Namun, ini belum tentu merupakan aliran nilai satu arah dari orang barat kaya di seluruh dunia. China, misalnya, juga menjadi pembangkit tenaga listrik dalam kecerdasan buatan. Saat kita mulai menggunakan alat yang menggabungkan kode logika di India, Cina, dan ekonomi berkembang pesat lainnya, Barat dapat menemukan dirinya di ujung penerima kolonisasi budaya.

Sedramatis kedengarannya, skenario ini tidak perlu mengarah pada homogenisasi massal. Memang, dengan lebih banyak perspektif budaya yang terlibat dalam pembuatan alat pemrograman, harapannya adalah multiplisitas nilai-nilai akan menawarkan tingkat pilihan yang lebih besar ketika mempertimbangkan algoritma apa yang harus memberi daya pada teknologi masa depan. “Ini seperti sumpit dan garpu,” kata Profesor Luciano Floridi dari Universitas Oxford. “Untuk orang seperti saya, garpu jauh lebih mudah dipegang, namun belum menggantikan sumpit. Bergantung pada aplikasi spesifik dan kebutuhan bisnis, budaya, dan masyarakat, kami akan menemukan bahwa berbagai alat diadopsi.”

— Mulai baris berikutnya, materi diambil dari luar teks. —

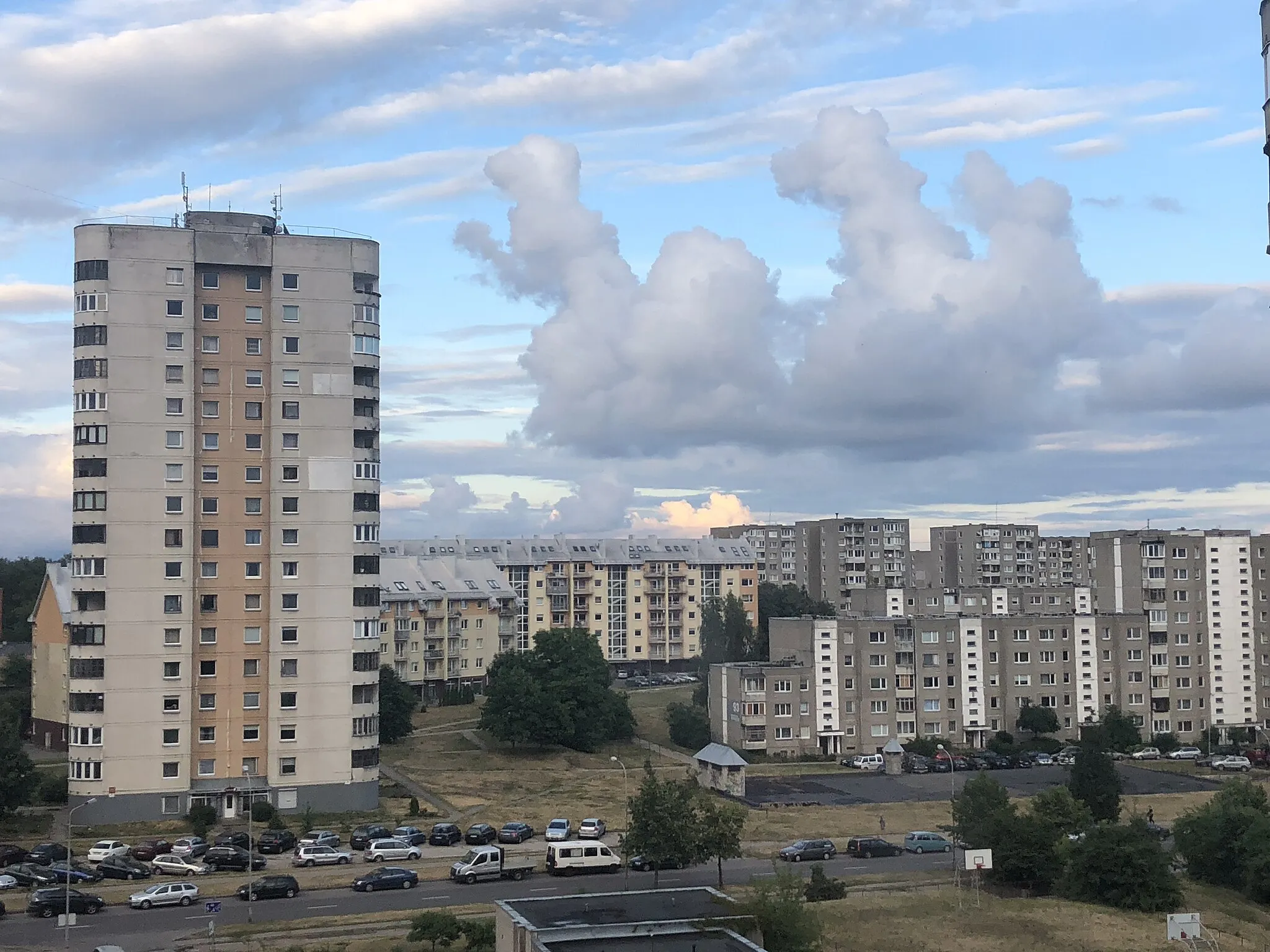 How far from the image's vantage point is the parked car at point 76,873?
176 ft

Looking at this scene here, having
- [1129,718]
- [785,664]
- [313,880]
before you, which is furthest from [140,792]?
[1129,718]

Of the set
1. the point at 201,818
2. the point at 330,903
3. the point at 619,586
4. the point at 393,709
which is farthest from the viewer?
the point at 619,586

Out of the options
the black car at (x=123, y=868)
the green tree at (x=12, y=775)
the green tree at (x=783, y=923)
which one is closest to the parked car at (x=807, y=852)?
the green tree at (x=783, y=923)

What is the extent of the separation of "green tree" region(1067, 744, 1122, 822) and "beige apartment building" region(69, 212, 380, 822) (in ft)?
124

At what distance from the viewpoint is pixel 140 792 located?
218ft

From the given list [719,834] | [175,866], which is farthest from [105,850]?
[719,834]

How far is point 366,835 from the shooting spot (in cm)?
6241

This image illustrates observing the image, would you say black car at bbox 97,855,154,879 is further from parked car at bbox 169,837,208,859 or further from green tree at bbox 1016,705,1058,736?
green tree at bbox 1016,705,1058,736

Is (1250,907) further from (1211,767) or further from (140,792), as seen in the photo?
(140,792)

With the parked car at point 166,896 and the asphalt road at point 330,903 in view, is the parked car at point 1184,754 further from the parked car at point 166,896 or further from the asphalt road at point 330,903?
the parked car at point 166,896

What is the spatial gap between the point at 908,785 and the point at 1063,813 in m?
28.7

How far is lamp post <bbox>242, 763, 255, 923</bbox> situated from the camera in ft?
162

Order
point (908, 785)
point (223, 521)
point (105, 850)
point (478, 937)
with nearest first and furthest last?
point (478, 937) < point (105, 850) < point (223, 521) < point (908, 785)

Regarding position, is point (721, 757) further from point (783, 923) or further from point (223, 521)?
point (783, 923) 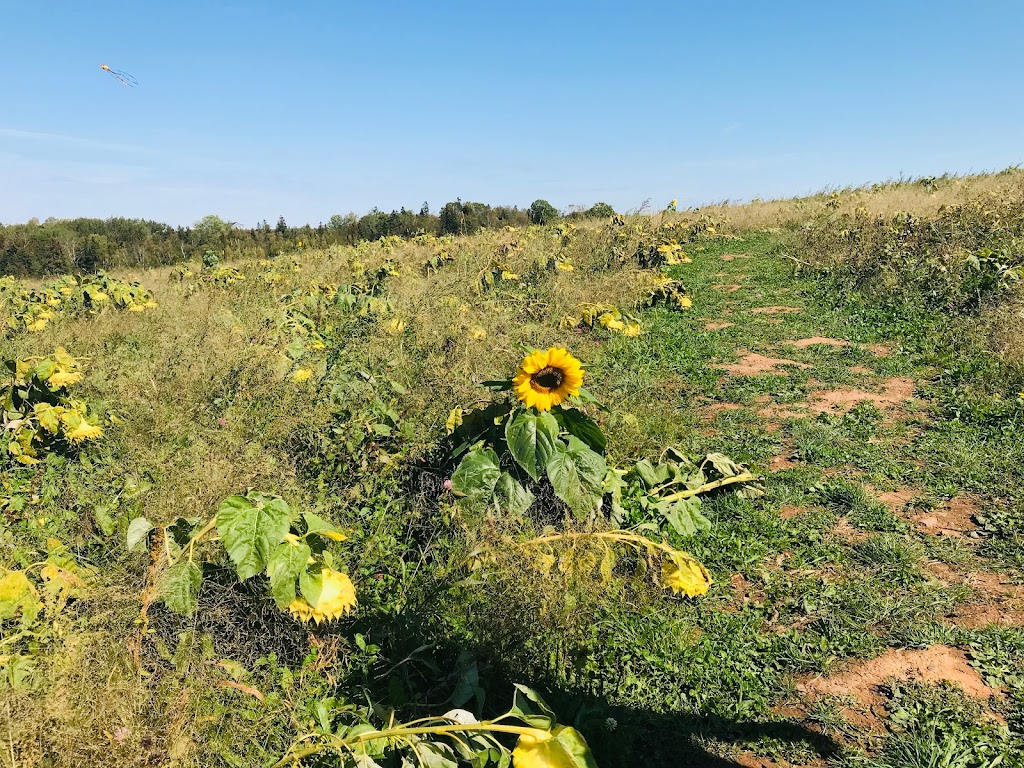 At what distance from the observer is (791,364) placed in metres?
5.61

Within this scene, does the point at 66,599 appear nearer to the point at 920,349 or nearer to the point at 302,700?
the point at 302,700

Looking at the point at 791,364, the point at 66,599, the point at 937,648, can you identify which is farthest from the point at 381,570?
the point at 791,364

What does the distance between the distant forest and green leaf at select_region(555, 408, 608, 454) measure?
526 inches

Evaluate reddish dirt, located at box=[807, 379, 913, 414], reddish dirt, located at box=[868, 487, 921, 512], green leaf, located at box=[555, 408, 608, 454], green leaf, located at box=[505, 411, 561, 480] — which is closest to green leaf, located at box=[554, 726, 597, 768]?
green leaf, located at box=[505, 411, 561, 480]

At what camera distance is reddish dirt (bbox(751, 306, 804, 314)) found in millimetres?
7370

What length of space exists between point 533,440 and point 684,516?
2.97 ft

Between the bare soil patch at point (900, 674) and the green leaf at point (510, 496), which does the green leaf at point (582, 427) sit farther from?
the bare soil patch at point (900, 674)

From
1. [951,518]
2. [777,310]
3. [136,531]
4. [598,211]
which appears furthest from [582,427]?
[598,211]

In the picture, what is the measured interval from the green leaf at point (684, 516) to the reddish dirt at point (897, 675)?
0.88 metres

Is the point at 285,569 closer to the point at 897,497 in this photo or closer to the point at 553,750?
the point at 553,750

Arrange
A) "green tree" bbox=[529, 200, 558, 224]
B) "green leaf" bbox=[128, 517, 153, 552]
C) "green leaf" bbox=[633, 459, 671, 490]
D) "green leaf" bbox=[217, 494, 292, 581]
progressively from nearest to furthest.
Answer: "green leaf" bbox=[217, 494, 292, 581], "green leaf" bbox=[128, 517, 153, 552], "green leaf" bbox=[633, 459, 671, 490], "green tree" bbox=[529, 200, 558, 224]

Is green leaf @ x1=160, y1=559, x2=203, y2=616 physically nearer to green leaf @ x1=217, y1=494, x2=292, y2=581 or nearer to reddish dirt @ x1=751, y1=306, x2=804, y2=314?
green leaf @ x1=217, y1=494, x2=292, y2=581

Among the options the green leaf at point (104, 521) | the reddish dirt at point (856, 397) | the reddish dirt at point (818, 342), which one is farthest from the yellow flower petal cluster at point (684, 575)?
the reddish dirt at point (818, 342)

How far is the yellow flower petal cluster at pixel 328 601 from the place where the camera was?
1941mm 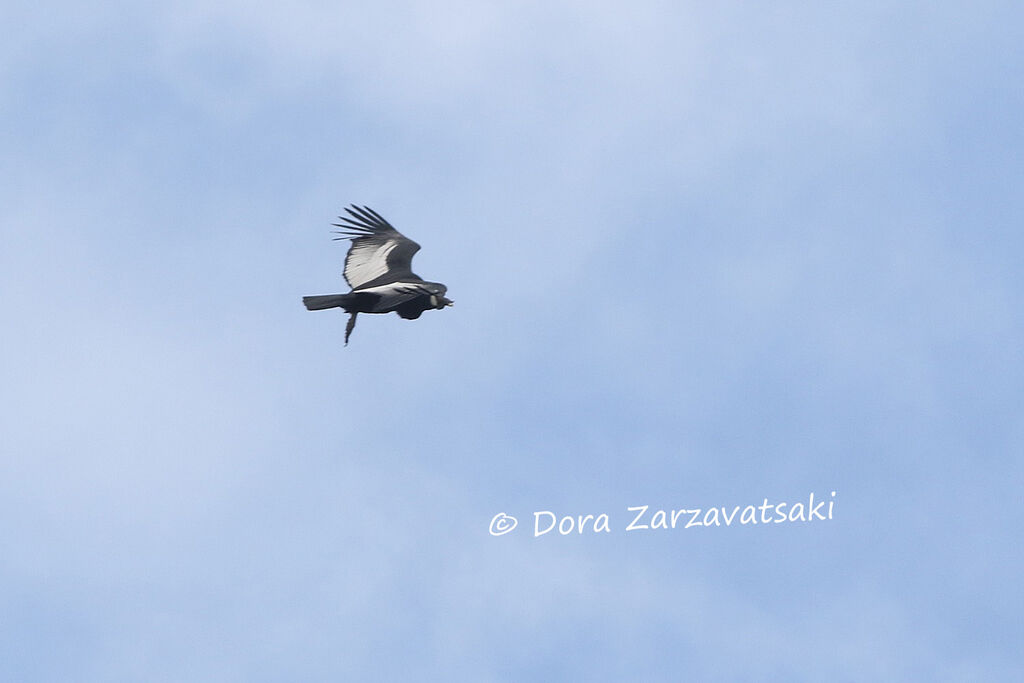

Dengan argumen itu, beberapa dekade mendatang dapat melihat perpaduan dari perspektif masyarakat yang berbeda mendorong pengembangan sensor, kecerdasan buatan, dan teknologi seperti mobil otonom; masa depan di mana kita memilih alat mana yang akan digunakan dan pendekatan budaya mana yang paling sesuai dengan situasi. Semua ini bergantung pada adanya beragam pengembang yang meletakkan dasar. Kode non-WEIRD diperlukan, serta kesadaran bahwa algoritme tidak netral; bahwa mereka datang dengan banyak beban budaya.